If you think about German banking, your first thoughts are likely Deutsche Bank’s history of negative headlines and crashing stock price over the last many years. There is a widely held perception across the financial markets that Germans are brilliant engineers, but terrible bankers. And there are the jokes: if no one else will buy it, then a German probably will.
None of that is the reality.
German bankers are good. They are incredibly well trained and professional. They are polite and willing to listen and learn. (In contrast: the Spanish think they know best, the Italians are sure of it, while French bankers consider themselves an intellectual elite because they can spell “derivative”.) German financial professionals generally ask smart and direct questions. They aren’t risk adverse – they analyse and understand risks.
What has created the perception of bad German banking is two inter-related factors:
The first is an incredibly diverse banking sector.

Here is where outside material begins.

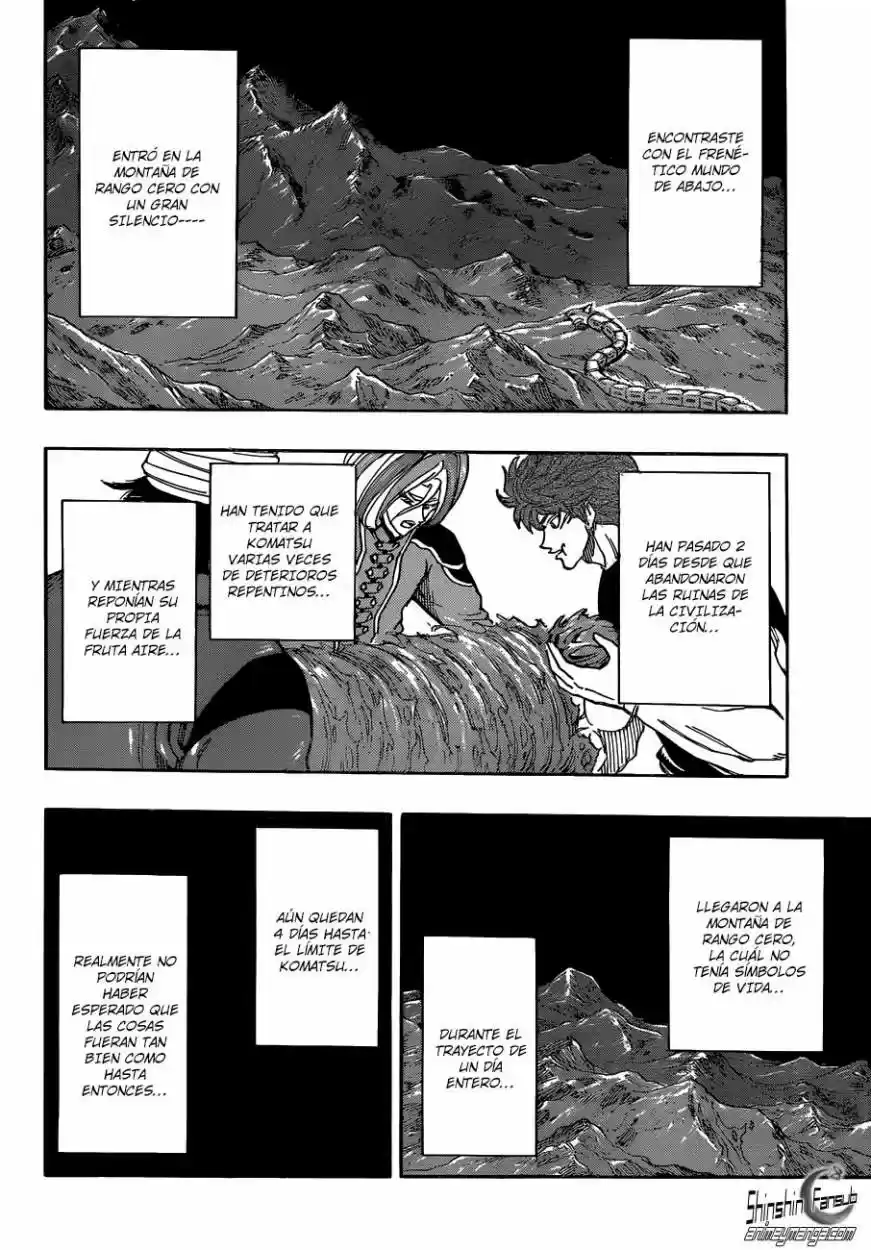 Toriko (2008) - Capítulo 302 - Página 10 - LectorTMOo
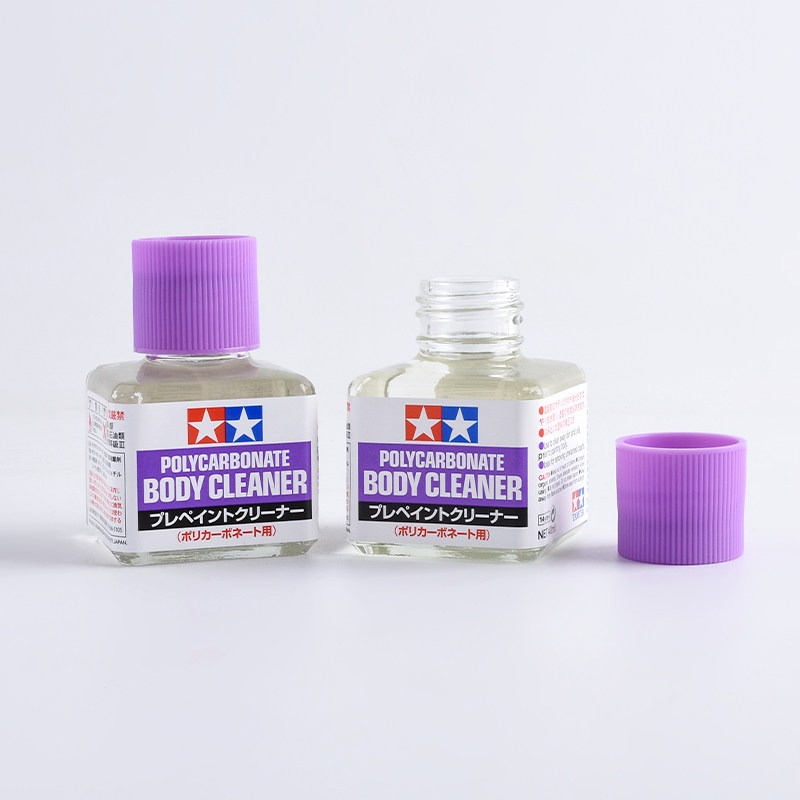 Tamiya Model Paint Set - TAMIYA 40ml Limpador de Policarbonato para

Despite a history of successful merchant banking in 16th century German states, there are simply too many small local banks competing for business to have allowed the development of large national champions. Large parts of the sector are locally focused around six regional Landesbanks, 350 plus Savings Banks and over 850 Cooperative Banks.
Germany’s financial system resembles half-a-dozen Luxembourgs rather than Europe’s most prosperous nation. In some ways diversified banking works – small SMEs (which remain a critical part of the German economy) deal with small local banks.